Besides existing services such as internet search and the Xbox Live online games service, new areas of interest were likely to involve communications, web-based storage and tools to help workers collaborate better, executives said at the company's annual analyst meeting.

They were also likely to extend beyond its MSN internet service to include new ways of generating income for the company's Windows and Office divisions, they added.

Steve Ballmer, chief executive, said the new emphasis on services reflected a broader transition in the software industry, which is shifting from “delivering bits [of data] to delivering bits and services.”

He added: “The internet's transformative impact on the software business has just begun.”
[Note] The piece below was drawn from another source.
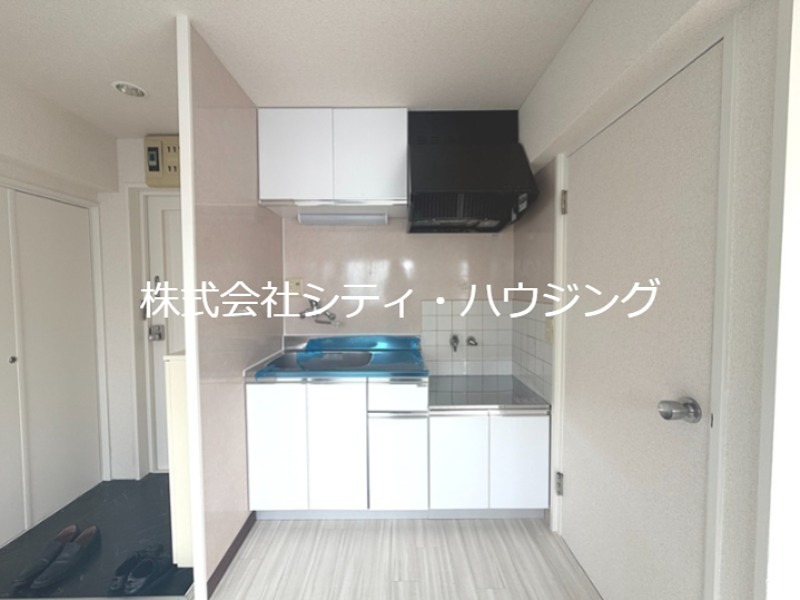 キッチン　キッチン一部新しくなってます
Microsoft's new focus on services reflects the success of internet companies like Google and eBay, as well as Apple's iTunes music service. While depending on advertising or transaction fees for their income, these and other internet applications are types of software application that are delivered over the internet, rivalling Microsoft's more traditional way of selling software.

The new emphasis on services could point to changes in Microsoft's core business model, and suggests that the company has digested the lessons from Google and others, said Rick Sherlund, software analyst at Goldman Sachs.

“It seems as though Microsoft is about to go on the offensive,” he said, using its large base of software products to spin off new ideas for businesses based on delivering services over the internet.

However, the company provided few details of specific plans and analysts cautioned that an earlier emphasis on web-based services, made at the end of 1990s when Microsoft launched its company-wide .Net initiative, had not led to the shift anticipated at that time.

The new focus on services also left questions about whether Microsoft was interested mainly in new ways to deliver its software to customers over the internet, or whether it was proposing new methods of charging for its software, for instance through subscriptions, said Rob Helm, an analyst at Directions on Microsoft, an independent research firm. “The devil will be in the detail,” he said.

Bill Gates, chairman, conceded that Microsoft was “playing catch-up on search” after starting late, but added that within three years it would have made technical advances that far outshine the current state of the technology.